Hey there! Im about to try your script out but Im almost 100% sure I know whats going on. I have to admit that I gave bs a once over years ago and have been married to scrapy (we have a special connection... ?lol)... BUT when your doing your parsing, in scrapys case (as beautifulSoup) theres' a default header or "User Agent" Profile.. Hmmmm .. Cant be much different...
Just google "adding user agent header to beatifulsoup" and tada! but... I
# After import what you need.... You can either list multiple header profiles...
user_agents = [
'Mozilla/5.0 (Windows; U; Windows NT 5.1; it; rv:1.8.1.11)
'Gecko/20071127 Firefox/2.0.0.11',
'Opera/9.25 (Windows NT 5.1; U; en)',
'Mozilla/4.0 (compatible; MSIE 6.0; Windows NT 5.1; SV1; .NET CLR 1.1.4322; .NET CLR 2.0.50727)',
'Mozilla/5.0 (compatible; Konqueror/3.5; Linux) KHTML/3.5.5 (like Gecko) (Kubuntu)',
'Mozilla/5.0 (Windows NT 5.1) AppleWebKit/535.19 (KHTML, like Gecko) Chrome/18.0.1025.142 Safari/535.19',
'Mozilla/5.0 (Macintosh; Intel Mac OS X 10.7; rv:11.0) Gecko/20100101 Firefox/11.0',
'Mozilla/5.0 (Macintosh; Intel Mac OS X 10.6; rv:8.0.1) Gecko/20100101 Firefox/8.0.1',
'Mozilla/5.0 (Windows NT 6.1; WOW64) AppleWebKit/535.19 (KHTML, like Gecko) Chrome/18.0.1025.151 Safari/535.19'
]
#The when Calling the start or base url you pass the "headers = "... usining choice randomize you can have this list and be...well not sneaky because unless your proxifying its not neccesary..
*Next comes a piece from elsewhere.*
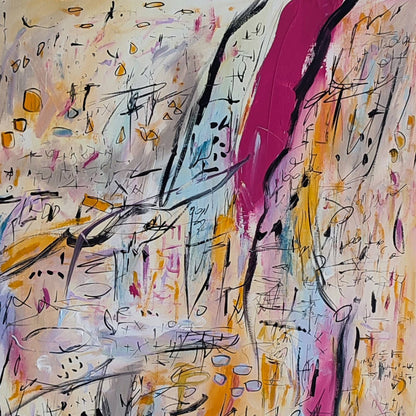 Detail of Calculs savants – beige, yellow and pink abstract painting by Âme Sauvage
# for each url entry of a row in the text file get
# lead info from yelp related to that url...
for dat in linksandsuch:
version = choice(user_agents)
headers = { 'User-Agent' : version }
##### What I would do? Just a single agent defined by header value..
#...
#for dat in linksandsuch:
#headers = { 'Mozilla/4.0 (compatible; MSIE 6.0; Windows NT 5.1; SV1; .NET CLR 1.1.4322; .NET CLR 2.0.50727)' }
#
#
....
If Im wrong shoot me a message yes? Im having issue with scrapys image download function (specifically the renaming of the image not the dl) and I can script something real quick for ya... bu teach a man to fish right? lol
Wait... I'm noticing your download method... are you writing the image?
One google search an 30 seconds later...
In Python 3.x, urllib.request.urlretrieve can be used to download files from any
remote URL:
Not sure where you got that download method which Im guessing it works if you writing directly from the url you called it from... here you trying to get the img .... to respond like it was a page... but forbidden? w.e lol Try urlretrive for you download function... google what you must.
----
#Edit Update!
So I went ahead and ran your script... Donloaded on image ... lol but no 505....??? Maybe your IP got blocked ... ??? try adding delays to your script and lower you throttle??.